Uitspraak
1.Procesverloop
2.Beoordeling van het middel
3.Beslissing
25 oktober 2024.
Hoge Raad
In deze zaak heeft de Hoge Raad op 25 oktober 2024 uitspraak gedaan in een cassatieprocedure betreffende beroepsaansprakelijkheid van een advocaat. De eiser, vertegenwoordigd door advocaat J.C. Zevenberg, heeft cassatie ingesteld tegen een arrest van het gerechtshof Amsterdam, dat op 7 november 2023 was gewezen. De Hoge Raad verwijst naar eerdere vonnissen van de rechtbank Amsterdam van 15 december 2021 en 16 februari 2022, die relevant zijn voor het procesverloop. De verweerder in cassatie is niet verschenen, en er is verstek verleend tegen deze partij.

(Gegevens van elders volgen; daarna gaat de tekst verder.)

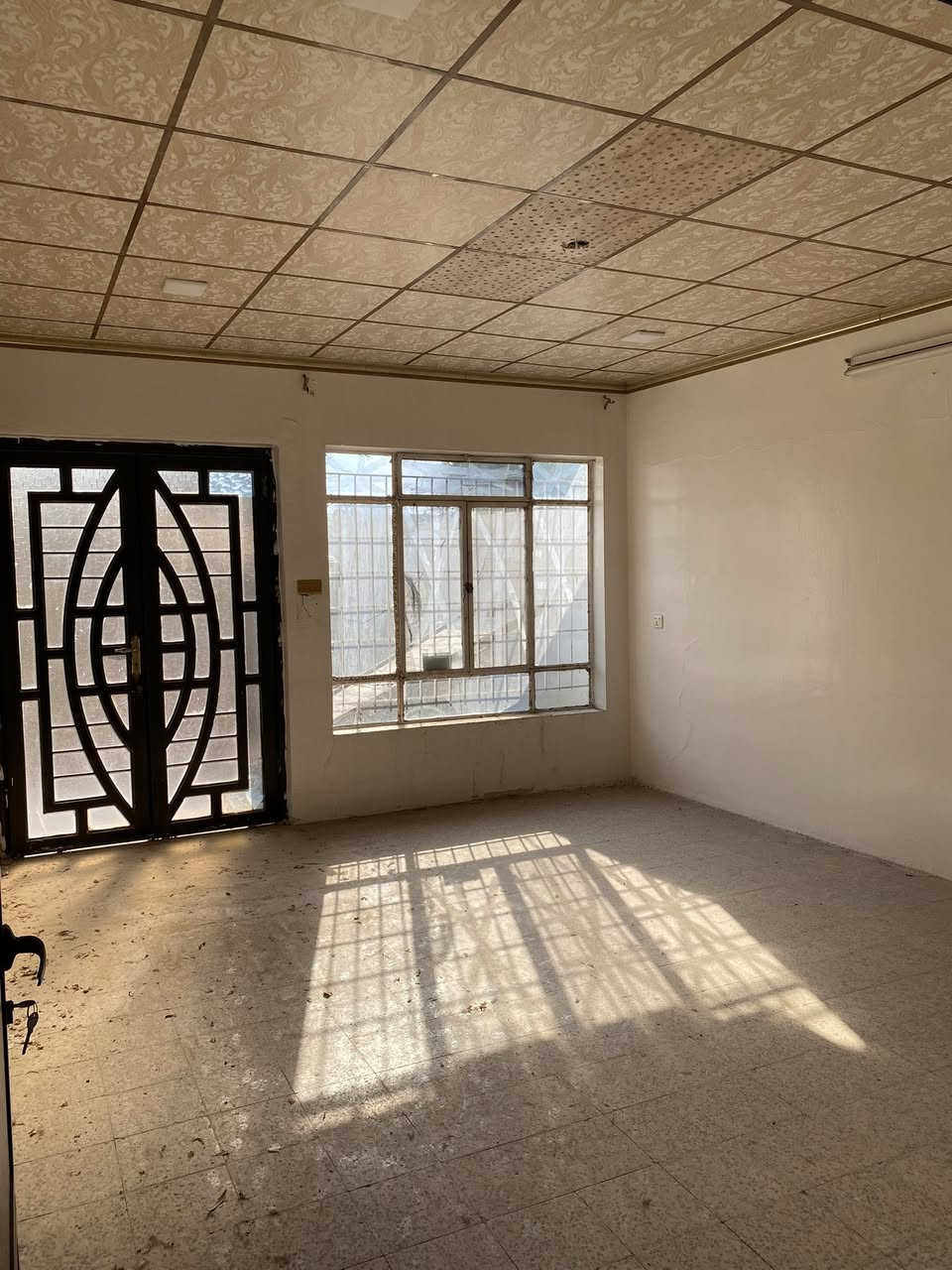 دار للبيع / موصل حي النور قرب السوق
المساحة 315 م - الواجهة 10 م ( المتر بمليون )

De Advocaat-Generaal S.D. Lindenbergh heeft geconcludeerd tot verwerping van het cassatieberoep, waarop de advocaat van de eiser schriftelijk heeft gereageerd. De Hoge Raad heeft de klachten over het arrest van het hof beoordeeld en geconcludeerd dat deze klachten niet kunnen leiden tot vernietiging van het arrest. De Hoge Raad heeft geen verdere motivering gegeven, aangezien het niet nodig was om vragen te beantwoorden die van belang zijn voor de eenheid of ontwikkeling van het recht, zoals vermeld in artikel 81 lid 1 van de Wet op de rechterlijke organisatie.
In de beslissing heeft de Hoge Raad het beroep verworpen en de eiser veroordeeld in de kosten van het geding in cassatie, die aan de zijde van de verweerder zijn begroot op nihil. Dit arrest is gewezen door de raadsheren C.E. du Perron, als voorzitter, H.M. Wattendorff en S.J. Schaafsma, en openbaar uitgesproken door raadsheer A.E.B. ter Heide.